All of the listing, from first line to last, should be output exactly; the pictures stay out.
○ ○ ○ ○ ○ ○ ○
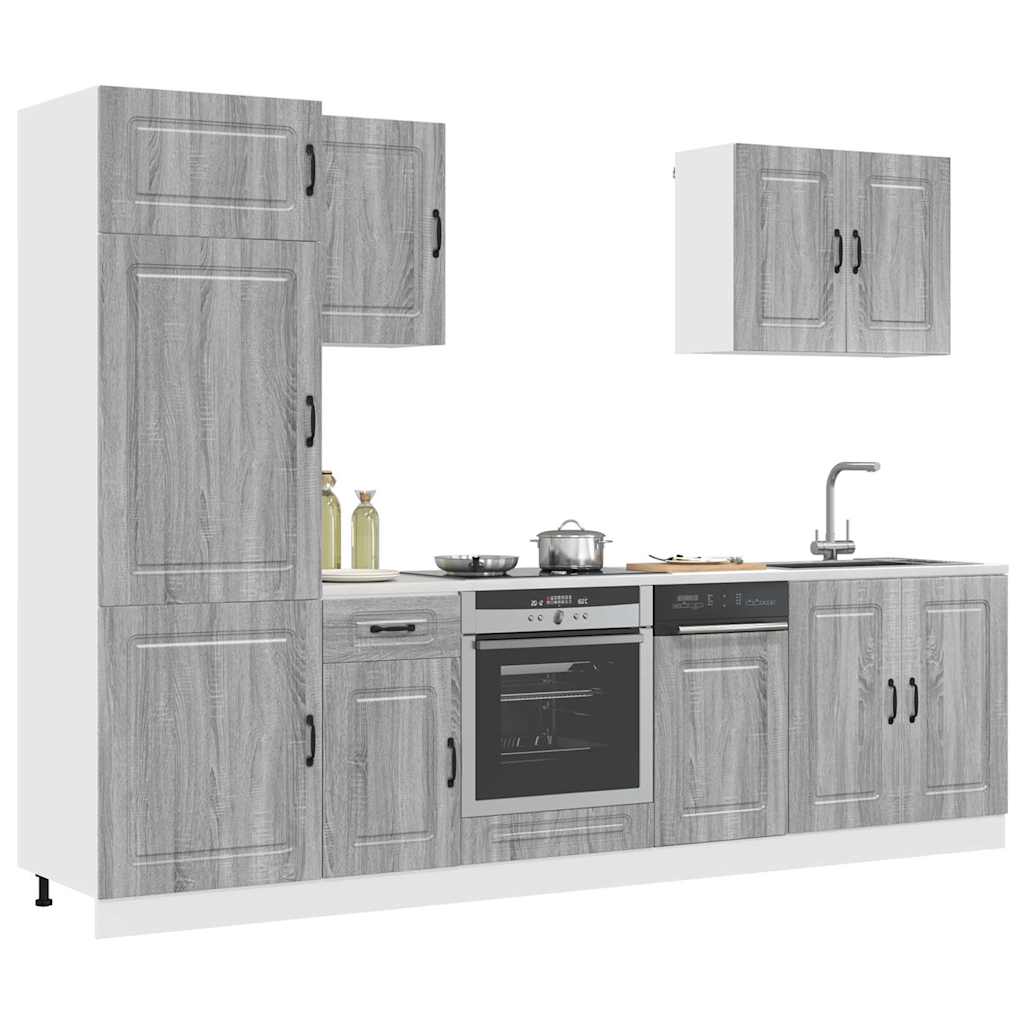 7 Peças armário de cozinha conjunto kalmar cinza sonoma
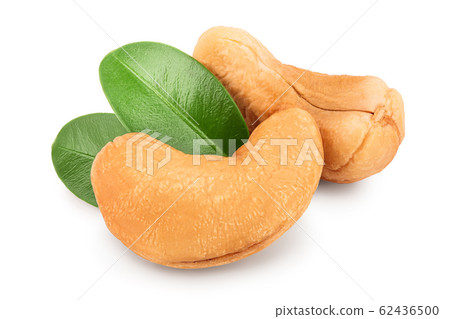 Roasted Cashew nuts with leaf isolated on white background with clipping path and full depth of field. Roasted Cashew nuts with leaf isolated on white background with clipping path and full depth of field. 62436500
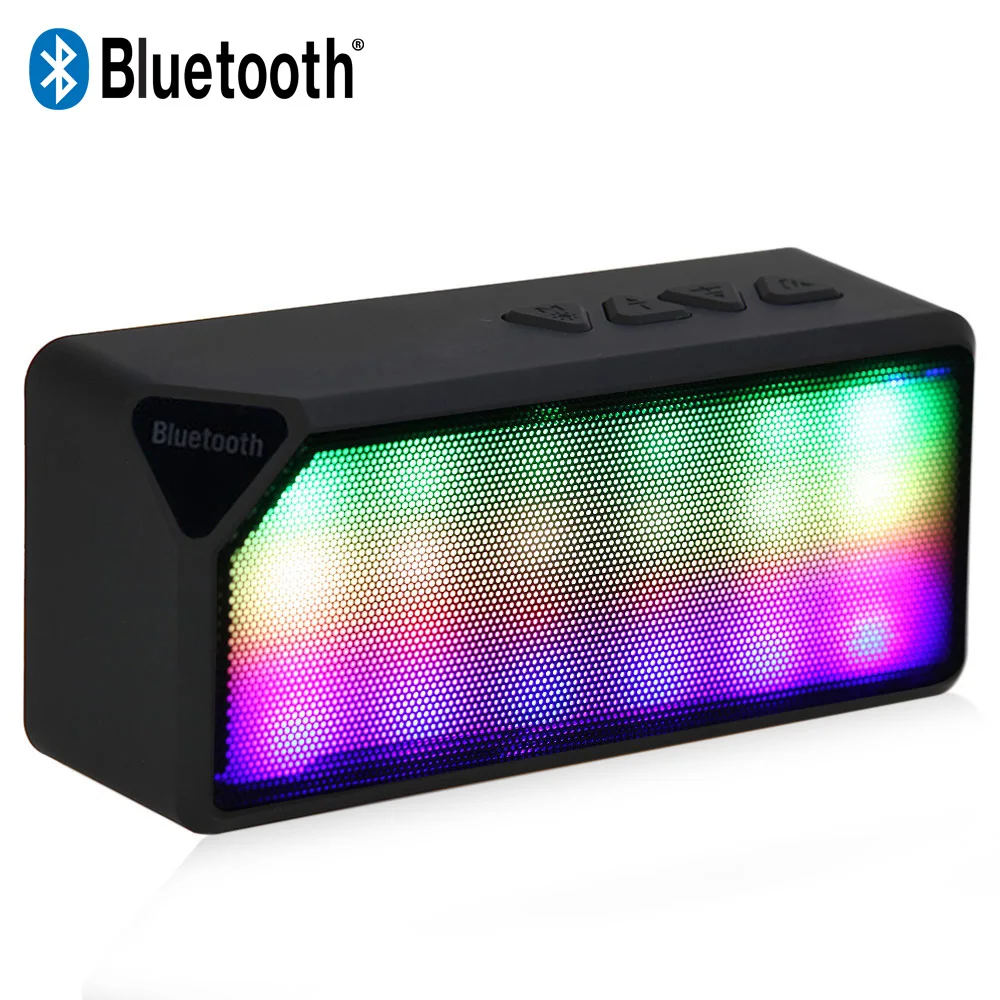 Multi Color X3S Mini Wireless Bluetooth Speaker With LED Light Built in Microphone Support USB AUX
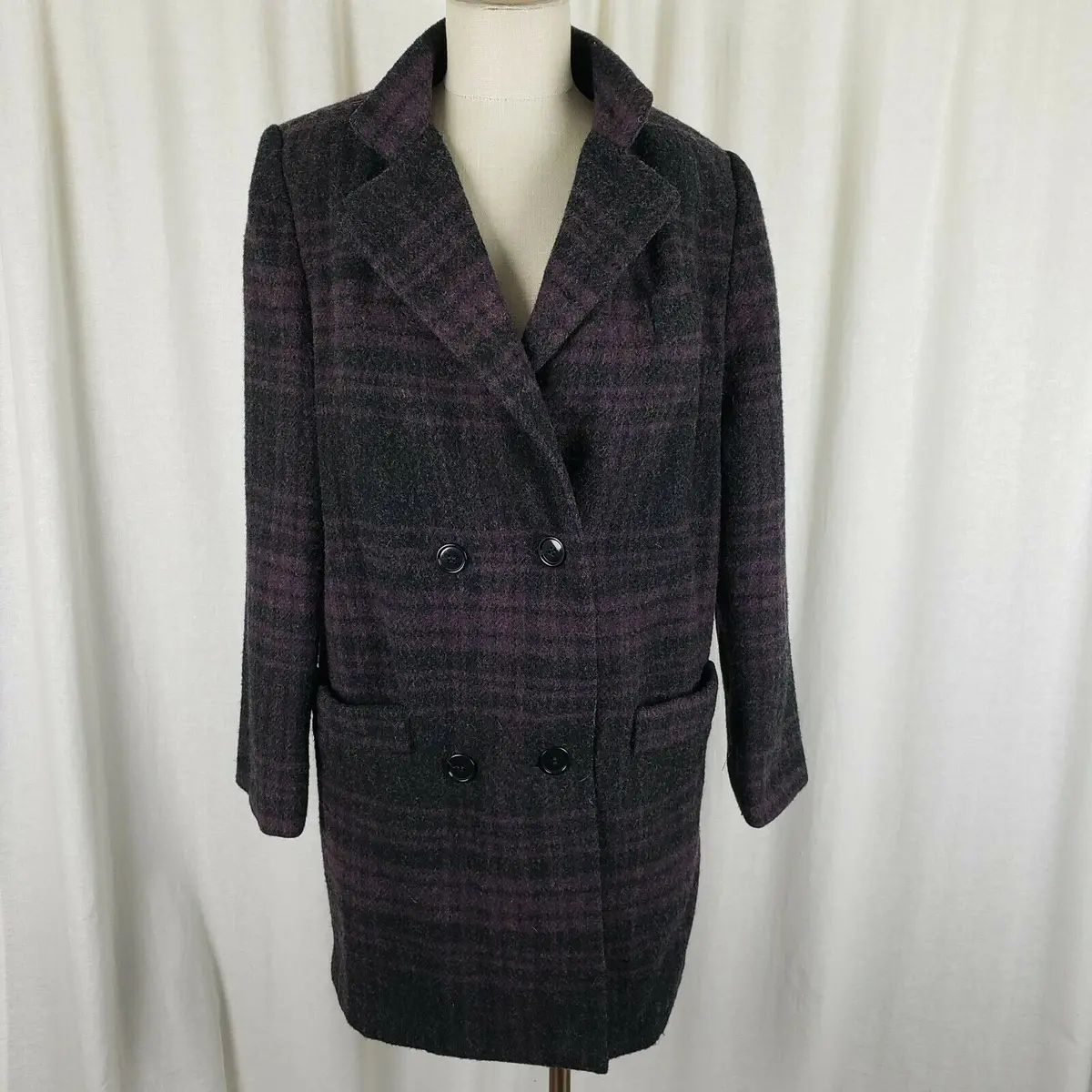 Paul Levy Purple Plaid Mohair Wool Midi Peacoat Womens M  L Vintage 80S Black 1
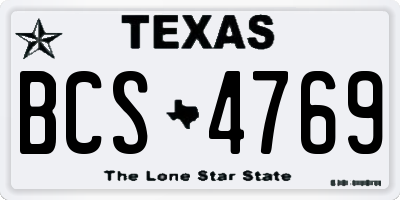 TX license plate BCS4769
○ ○ ○ ○ ○ ○ ○
- _ANSWER FOR THE TASK_:
 7 Peças armário de cozinha conjunto kalmar cinza sonoma
 Roasted Cashew nuts with leaf isolated on white background with clipping path and full depth of field. Roasted Cashew nuts with leaf isolated on white background with clipping path and full depth of field. 62436500
 Multi Color X3S Mini Wireless Bluetooth Speaker With LED Light Built in Microphone Support USB AUX
 Paul Levy Purple Plaid Mohair Wool Midi Peacoat Womens M  L Vintage 80S Black 1
 TX license plate BCS4769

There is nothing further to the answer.